= Voice of Israel =

Internet radio station (2014–2015)

Voice of Israel was a Jerusalem-based private global broadcast network staffed by media professionals with a Zionist and often religious orientation, who saw their mission in pro-Israel advocacy (hasbara) and combating the global pro-Palestinian Boycott, Divestment and Sanctions movement, by addressing the wider Jewish diaspora. It streamed digital news and talk radio between 2014 and 2015, at Voice of Israel | Bringing Israel Closer, from Israel, about Israel, in English. Voice of Israel began broadcasting in July 2014 and was closed down due to lack of money in August 2015. Voice of Israel was listened to in more than 170 countries and gained over 40,000 "likes" on Facebook in less than a year.
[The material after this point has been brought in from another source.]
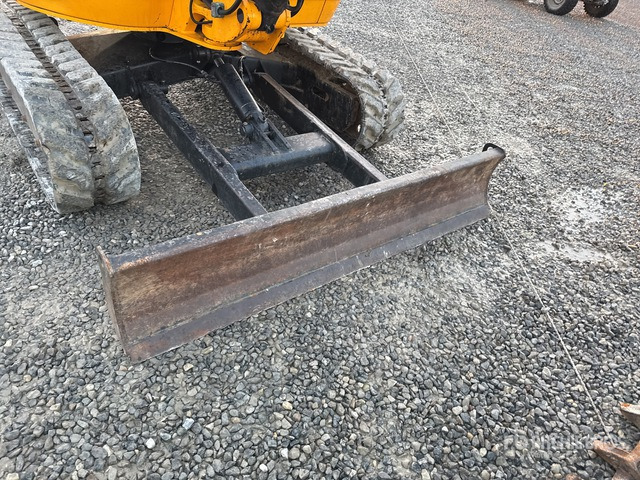 2010 JCB 8035 Mini Excavator: <6.6t - Mini excavator: Foto 4 2010 JCB 8035 Mini Excavator: <6.6t - Mini excavator: Foto 4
It was located in the JVP Media Quarter in Jerusalem.

"Voice of Israel" is not to be confused with Kol Yisrael (lit. "Voice of Israel" in Hebrew), which is run by the Israel Broadcasting Authority.

==Orientation==
The station had a national Zionist orientation, the self-declared goal being to "reveal the real Israel" as a "Jewish state with great sensitivity to other cultures and peoples" and "fight [its] delegitimization".
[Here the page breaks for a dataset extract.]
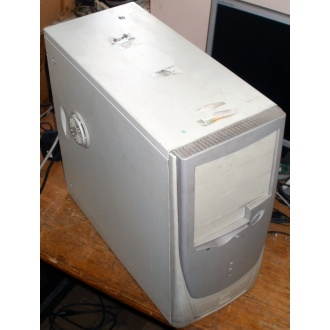 Intel Pentium-4 2.8GHz /256Mb /80Gb /ATX 300W (Брянск)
The self-professed mission was to 'Bring Israel Closer' to millions of people around the world: To repair the disconnect between Israel and the diaspora: To educate and inform the world on all issues Israel, including politics, defense, religion and culture by providing world-class news, analysis and opinion and feature stories, about Israel, from Israel.

==Notable guests==
Notable guests included: Prime Minister Benjamin Netanyahu, Tzipi Livni – Opposition Leader, Isaac Herzog – Opposition Leader, Baruch Marzel – Israeli far-right activist, formerly of the outlawed Kach party and currently with the Jewish National Front, internationally acclaimed novelist A. B. Yehoshua, Michael Oren – former Israeli ambassador to the US and, as of 2015, a member of the Knesset, Jon Medved – CEO of OurCrowd, Yosef Abramowitz – solar pioneer, CEO of Energia, Ben Carson – US presidential candidate, Brigitte Gabriel – political activist, Rudy Giuliani – former New York mayor, Mike Huckabee – presidential candidate, Bishop Merton Clark – Truth Revealed International, Avi Dichter – former head of Shin Bet and minister of internal security, Moshe Arens – former defense minister and ambassador to US, Tuvia Tenenbom – author of Catch the Jews!, David Parsons – International Christian Embassy Jerusalem, Pastor Jonathan Hanson – World Ministries International, Natan Sharansky – Jewish Agency chairman, Malcolm Hoenlein – executive vice chairman of the Conference of Presidents of Major American Jewish Organizations, Rabbi Shmuley Boteach – influential author, columnist, TV host, and lecturer, Governor Mike Pence – State of Indiana, Jerry Silverman – Jewish Federations of North America (JFNA), CEO, Philip Levine – mayor of Miami Beach, Florida, Dr. Billy Wilson – president of Oral Roberts University.

Talk show hosts from abroad also teamed up with Voice of Israel to broadcast their programs such as Ethan Bearman and Joe Piscopo.

==Staff==
The station was led by Bureau Chief Daniel Seaman, CEO Glen Ladau, and Executive Producer Dan Diker.

Show hosts include: Mottle Wolfe, Daniel Seaman, Josh Hasten, Judy Lash Balint, Eve Harow, Daniela Traub, Glen Ladau, Molly Livingstone, former Member of Knesset Dov Lipman, Melanie Phillips, Gil Hoffman, Ari Abramowitz, Jeremy Gimpel, Dan Diker, Yishai Fleisher, Simcha Gluck

The news team included Mordechai Twersky, Raoul Wootliff and Ernie Singer.